[[ RECORDS FOR THIS TASK open ]]
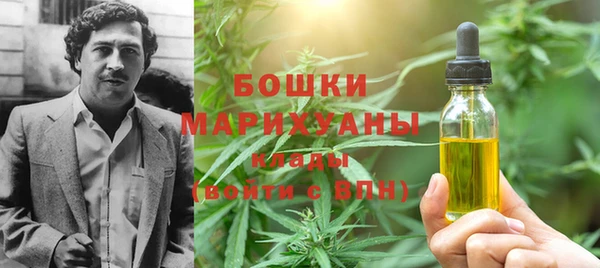 гидра Богородицк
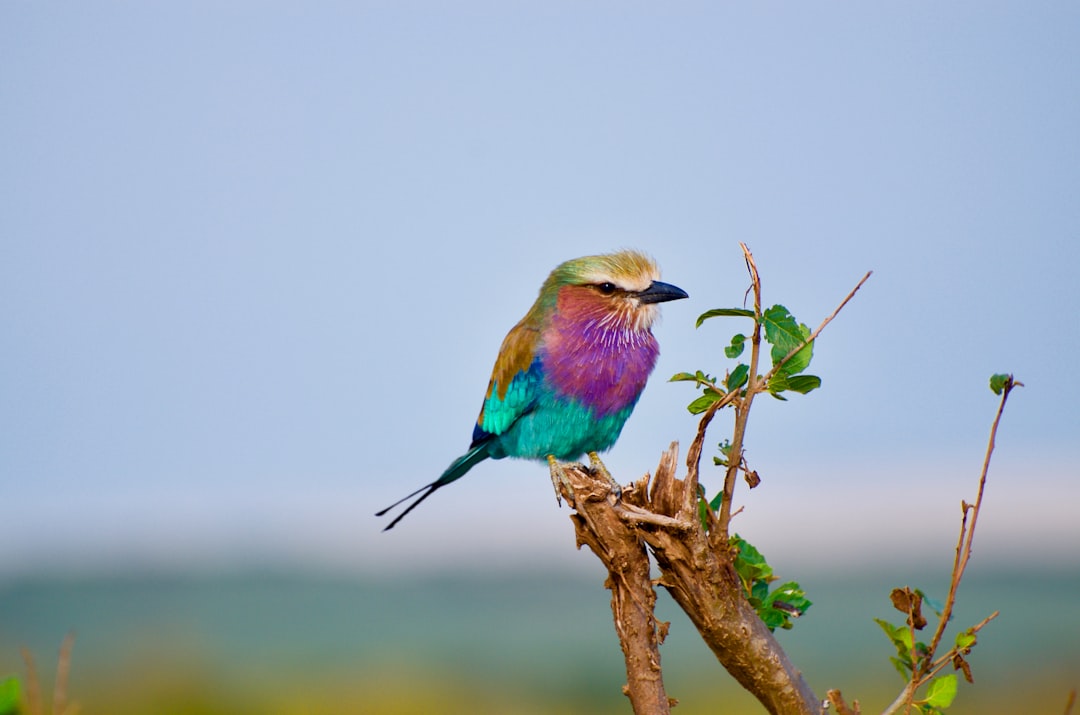 Colorful rainbow bird perched on a branch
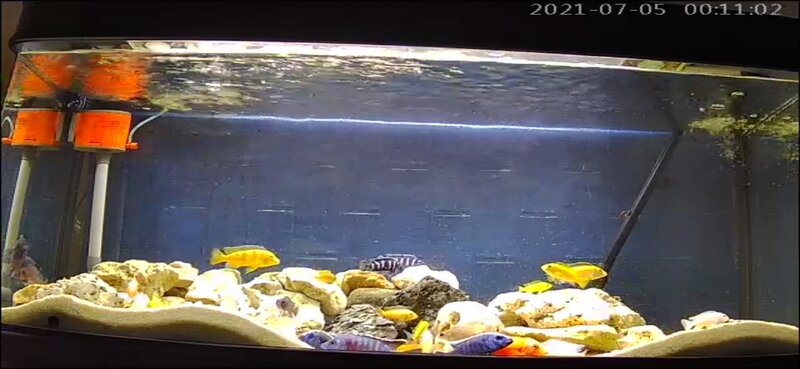 Screenshot_2021-07-04-22-10-59-850_com.macrovideo.v380.jpg
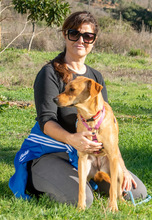 CATHY, Hund, Mischlingshund in Portugal - Bild 6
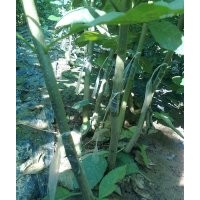 售:速生國槐小苗、速生白蠟小苗 量大苗優
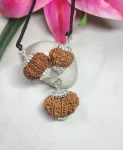 Kalsarpa Rudraksha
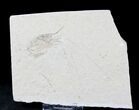 Cretaceous Fossil Shrimp Carpopenaeus - Lebanon #20899-1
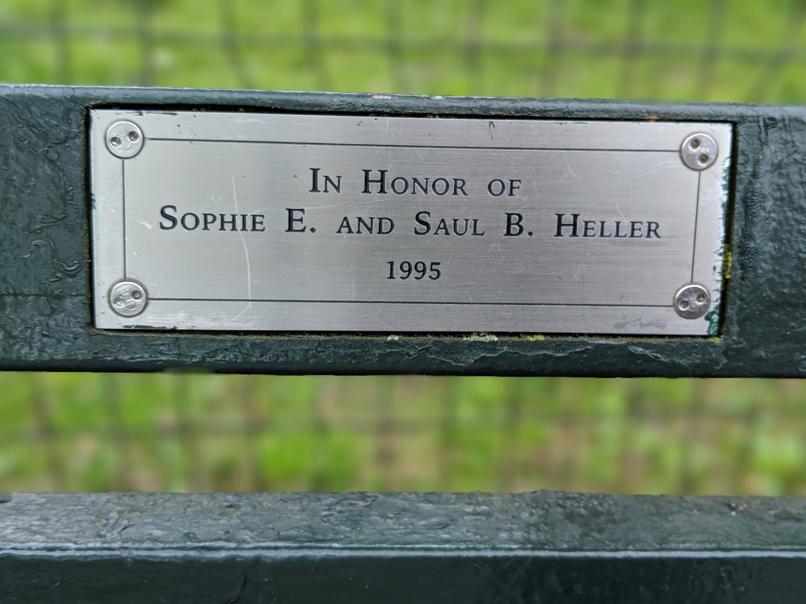 I saw this bench in Central Park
[[ RECORDS FOR THIS TASK closed ]]
_BRIEF:_ Verbatim repeat, images removed: give each entry again exactly as it reads.

_TASK RESULT:_
 гидра Богородицк
 Colorful rainbow bird perched on a branch
 Screenshot_2021-07-04-22-10-59-850_com.macrovideo.v380.jpg
 CATHY, Hund, Mischlingshund in Portugal - Bild 6
 售:速生國槐小苗、速生白蠟小苗 量大苗優
 Kalsarpa Rudraksha
 Cretaceous Fossil Shrimp Carpopenaeus - Lebanon #20899-1
 I saw this bench in Central Park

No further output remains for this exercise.